§ REQUIREMENT:
Please copy every line of the records below that holds the word "Blue".

########################################

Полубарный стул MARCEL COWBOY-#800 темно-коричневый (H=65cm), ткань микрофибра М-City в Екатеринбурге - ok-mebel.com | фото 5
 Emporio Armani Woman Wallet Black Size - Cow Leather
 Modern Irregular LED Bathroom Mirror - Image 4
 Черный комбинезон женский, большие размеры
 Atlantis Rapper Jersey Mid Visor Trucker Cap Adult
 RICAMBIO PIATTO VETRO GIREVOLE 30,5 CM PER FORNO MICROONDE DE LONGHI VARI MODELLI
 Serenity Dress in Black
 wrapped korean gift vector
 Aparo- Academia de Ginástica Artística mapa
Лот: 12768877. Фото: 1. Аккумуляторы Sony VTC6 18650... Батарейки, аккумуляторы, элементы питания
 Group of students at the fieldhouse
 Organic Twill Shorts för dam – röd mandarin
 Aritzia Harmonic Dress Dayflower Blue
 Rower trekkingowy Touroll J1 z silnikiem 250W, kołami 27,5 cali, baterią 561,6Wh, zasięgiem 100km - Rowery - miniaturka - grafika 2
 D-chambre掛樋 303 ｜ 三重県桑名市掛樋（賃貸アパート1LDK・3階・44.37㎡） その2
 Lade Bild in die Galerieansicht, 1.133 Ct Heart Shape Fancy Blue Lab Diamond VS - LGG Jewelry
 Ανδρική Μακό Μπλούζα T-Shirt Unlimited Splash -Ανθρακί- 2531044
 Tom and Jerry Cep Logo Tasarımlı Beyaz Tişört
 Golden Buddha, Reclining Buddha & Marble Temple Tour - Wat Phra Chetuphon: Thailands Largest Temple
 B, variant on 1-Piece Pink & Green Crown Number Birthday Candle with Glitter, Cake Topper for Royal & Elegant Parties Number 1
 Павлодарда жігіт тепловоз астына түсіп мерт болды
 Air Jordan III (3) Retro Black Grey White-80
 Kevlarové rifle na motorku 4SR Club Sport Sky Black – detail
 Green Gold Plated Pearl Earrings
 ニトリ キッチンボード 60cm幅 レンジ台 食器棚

########################################

§ EXERCISE RESULT:
 Aritzia Harmonic Dress Dayflower Blue
 Lade Bild in die Galerieansicht, 1.133 Ct Heart Shape Fancy Blue Lab Diamond VS - LGG Jewelry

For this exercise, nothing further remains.